From Insty I see this latest bit of nonsense:

Alief, a working-class suburb of Houston that is 71% Hispanic and black, is planting 1,200 new trees, but the objective is not just to beautify the neighborhood. Rather, the idea is that trees will fight crime.

Houston’s KTRK reported Friday that the tree-planting initiative is based on a study “published in the Journal of Public Economics,” which purported to establish that “when temperatures go up, crime does, too.” This is bad for Alief, which “averages 10 degrees hotter in the summer months than well-shaded areas of Houston.” This is because “Alief has only an 11% tree canopy, compared to the Houston average of 33%.” So if Alief cools off, the criminals will cool off. Or at least that’s the idea.

The only way that this makes sense is if over time the trees see the dead bodies of criminals dangling from their branches.  And before people start accusing me of wanting to create a health hazard in places like Alief (corpses wouldn’t take long to start rotting in Houston’s steamy climate), let me stipulate that no body should be left hanging for longer than a day before being replaced with a fresh one.  (As a bonus, that’s even an employment opportunity, both for hangmen and disposal staff.)

No doubt, someone will have a problem with my suggestion;  but as a rationale, it’s backed by more commonsense than the fanciful bullshit that “Ensuring equitable tree cover across every neighborhood can help address social inequities so that all people can thrive.”

It’s not “More trees, less crime” (which is a specious suggestion).  It’s “More trees, fewer criminals” (which is based on the cast-iron tautology of “Fewer criminals, less crime.”

4 comments

  1. There is probably an extremely strong statistical correlation between neighborhoods that have lots of trees and much lower crime rates. The problem is that “social scientists” aren’t ACTUAL scientists, and that they never understood that correlation does not equal causation.

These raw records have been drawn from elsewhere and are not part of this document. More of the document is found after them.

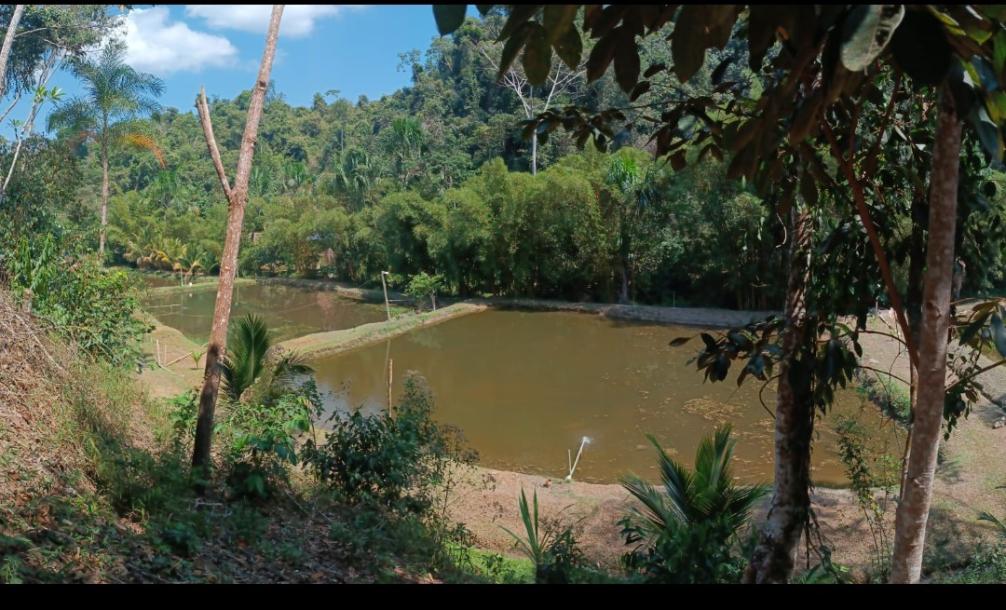 OPORTUNIDAD  DE INVERSION TARAPOTO-SAUCE-5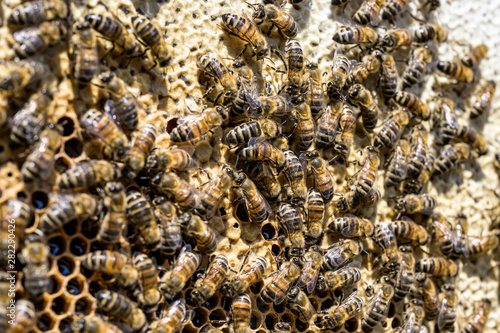 closeup of bees on honeycomb in apiary Honey bee selective focus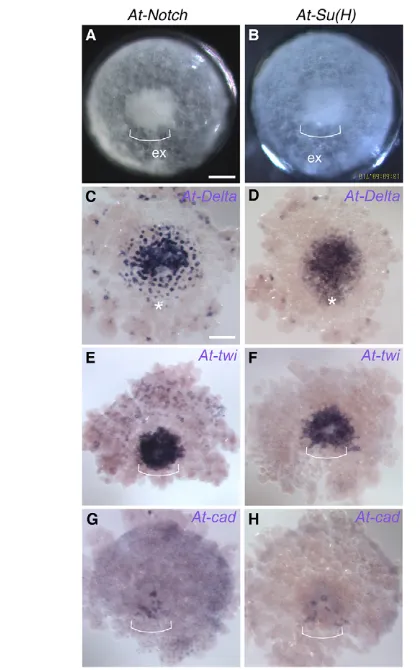 Fig. 8. Phenotypes of At-Notchlate stage 6. At the central area of each germ disc, an invagination suchas seen in germ discs stained for The evenly spaced pattern of central Scale bars: 100 caudal region of each embryo is indicated by brackets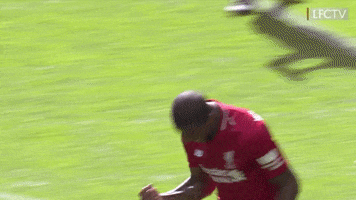 celebrate football player GIF by Liverpool FC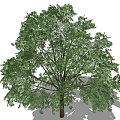 Tree 3d model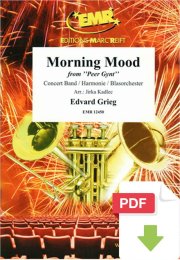 Morning Mood - Edvard Grieg - Jirka Kadlec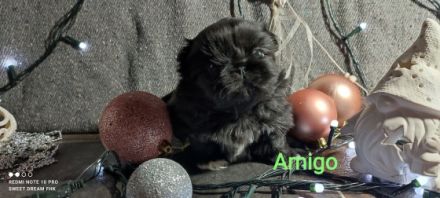 Kennel Sweet Dream From Hunyadi präsentiert Pekingese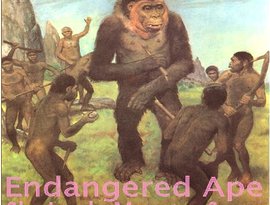Endangered Ape 的头像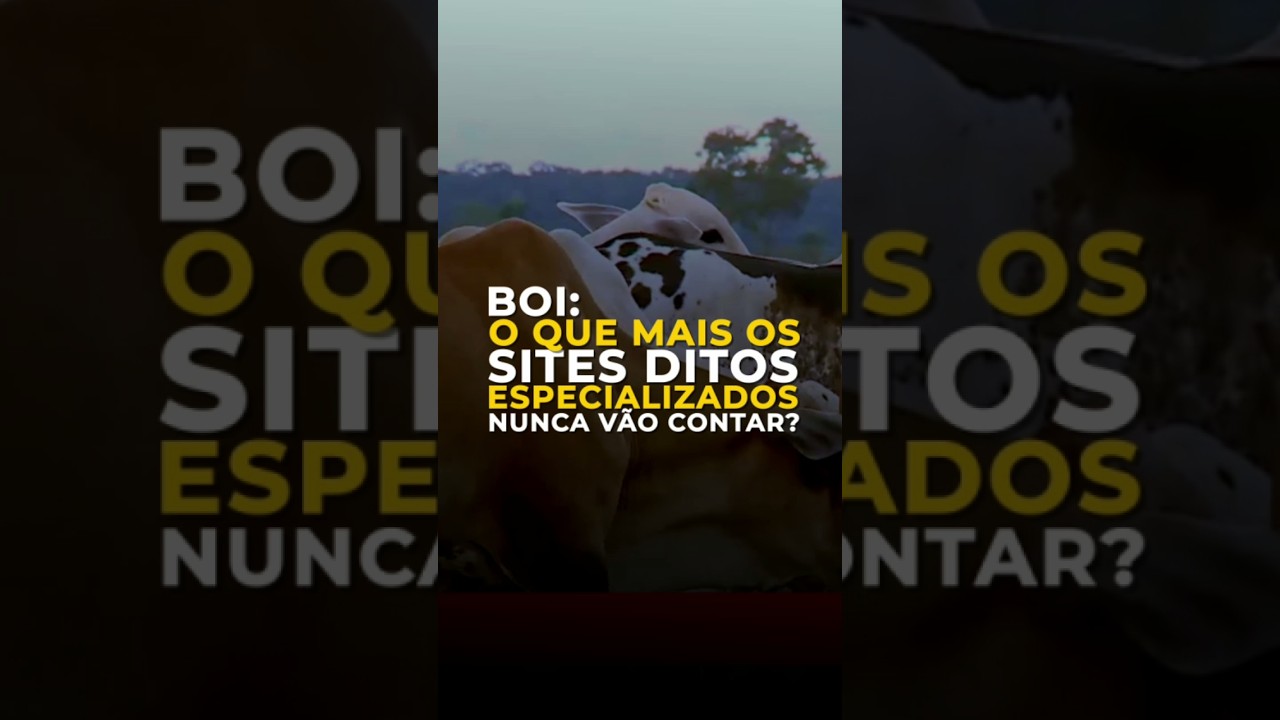 BOI: O QUE MAIS OS SITES DITOS ESPECIALIZADOS NUNCA VÃO CONTAR?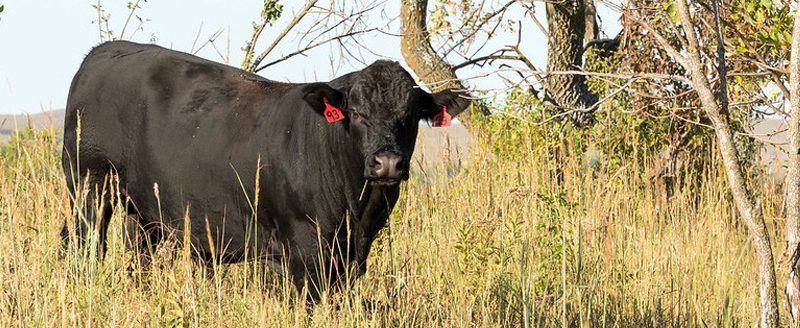 (Photo: K-State Research and Extension news service)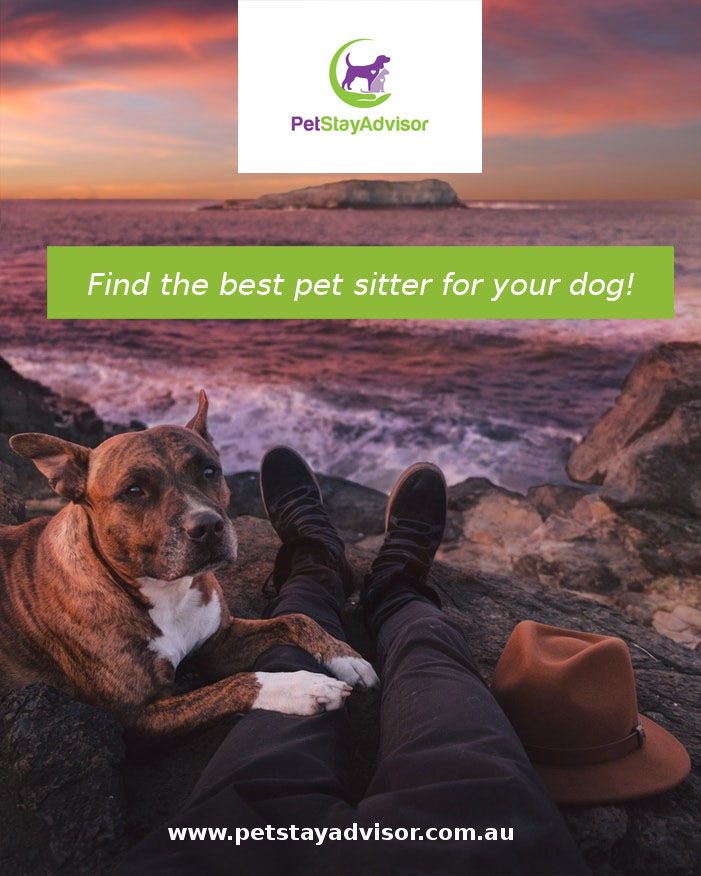 Looking for a pet sitter? Our site ensures you find one that is the perfect fit for you and your pets. Search now! buff.ly/1oeQWIl #tripadvisorforpetboarding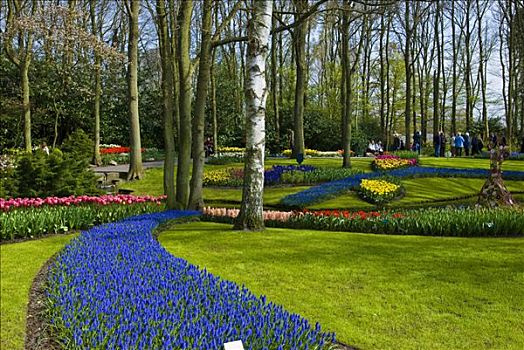花园,麝香兰,葡萄风信子,郁金香,郁金香属,库肯霍夫公园,荷兰,欧洲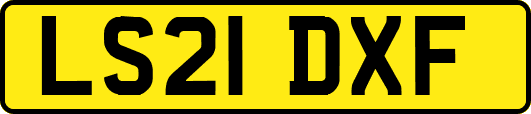 LS21DXF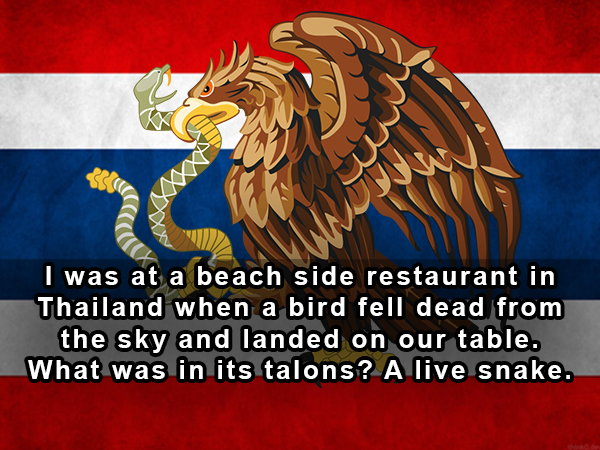 graphics - I was at a beach side restaurant in Thailand when a bird fell dead from the sky and landed on our table. What was in its talons? A live snake.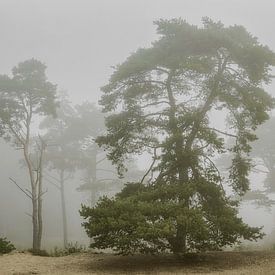 Bakkeveen-Dünen im Nebel von Peter Bolman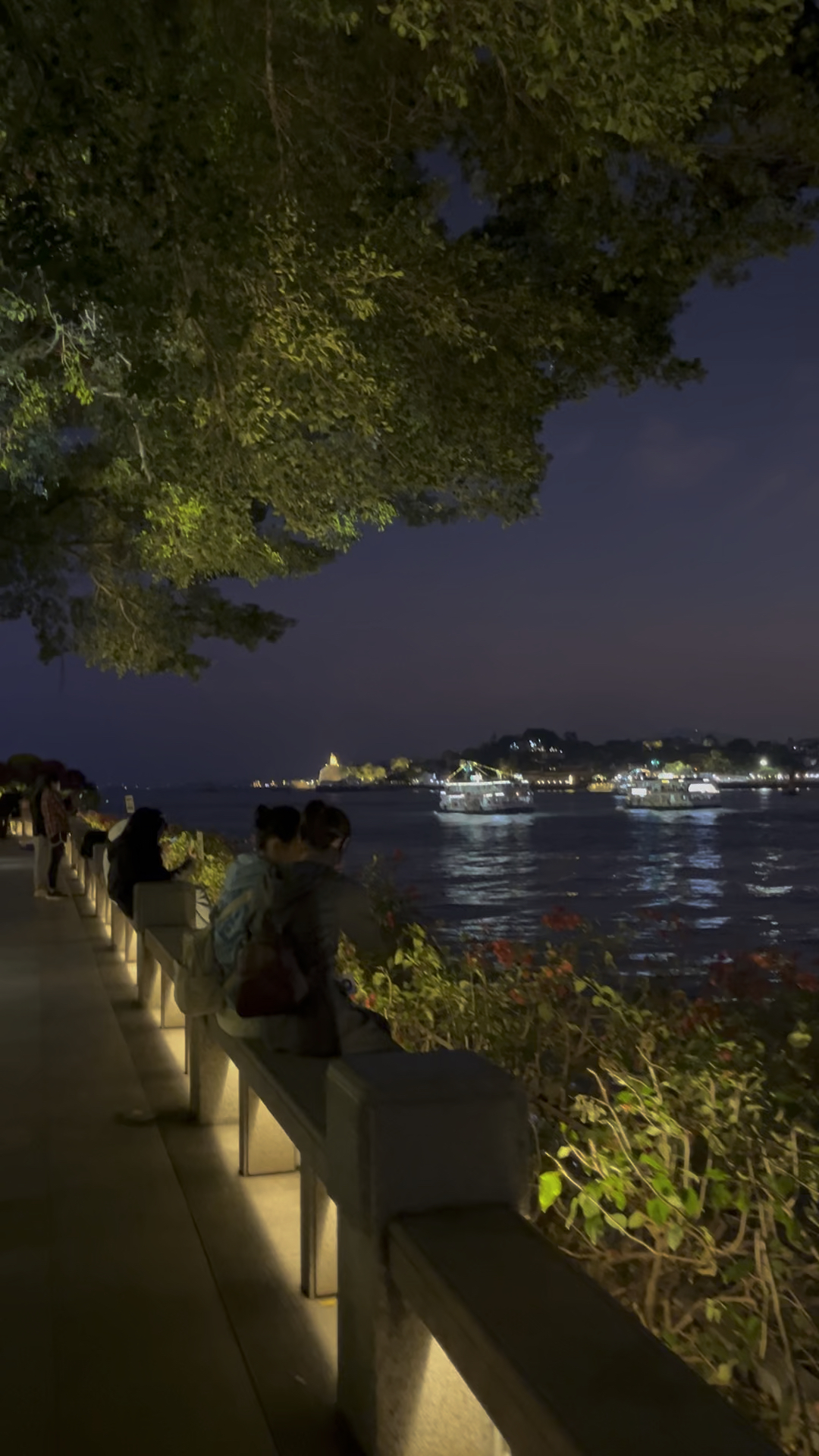 夜晚坐在厦门海边看风景,好舒服,对面就是鼓浪屿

    Hence we have this type of “wet streets cause rain”, and “flies cause garbage” mind-set.

    This is exactly the type of knee-jerk reaction that notes that since middle-class people own homes, giving homes to other people will magically make them middle-class. It ignores the fact that middle-class people have values, standards, morals and ethics that lead them to things like delayed gratification, working hard enough to earn your keep plus a little bit more, having a shred of honor, etc. ad nauseum; the people to whom they intend to bestow the blessings of home ownership (or trees in this case) share none of these attributes, but that doesn’t deter the idiots from trying to instill them with the results of those attributes.

    I wouldn’t give a shit if they were trying to do it with their own money, but then they go and involve the government sticking a tax-collector’s gun in our faces and stealing our money for their ideas of charity.

    1. Black Wing,
      Your insight is spot on especially in the last paragraph. Far too many people think the public treasury is the funding source for all of their hair brained schemes.

      JQ

  2. I wish I could post a comment including a pdf image here, but I can’t figure out how. There’s a great old “Peanuts” cartoon that pretty much sums up the collectivist/statist/authoritarian view of the world and their desires. Charlie Brown and Linus start out sitting on a step of a sidewalk, and Linus says:

    Linus: “When I get big, I want to be a great philanthropist.”
    Charlie: “You have to have a lot of money to be a great philanthropist.”
    There’s a pause for a panel as Linus looks down, and then:
    Linus: “I want to be a great philanthropist with someone else’s money!”

    About the only thing left out is that they also want to be altruists with someone else’s LIFE.

  3. Patience, Kim, patience. You can’t hang a noose from a sapling. Let the trees be planted, then let them become established and grow. THEN suggest the nooses.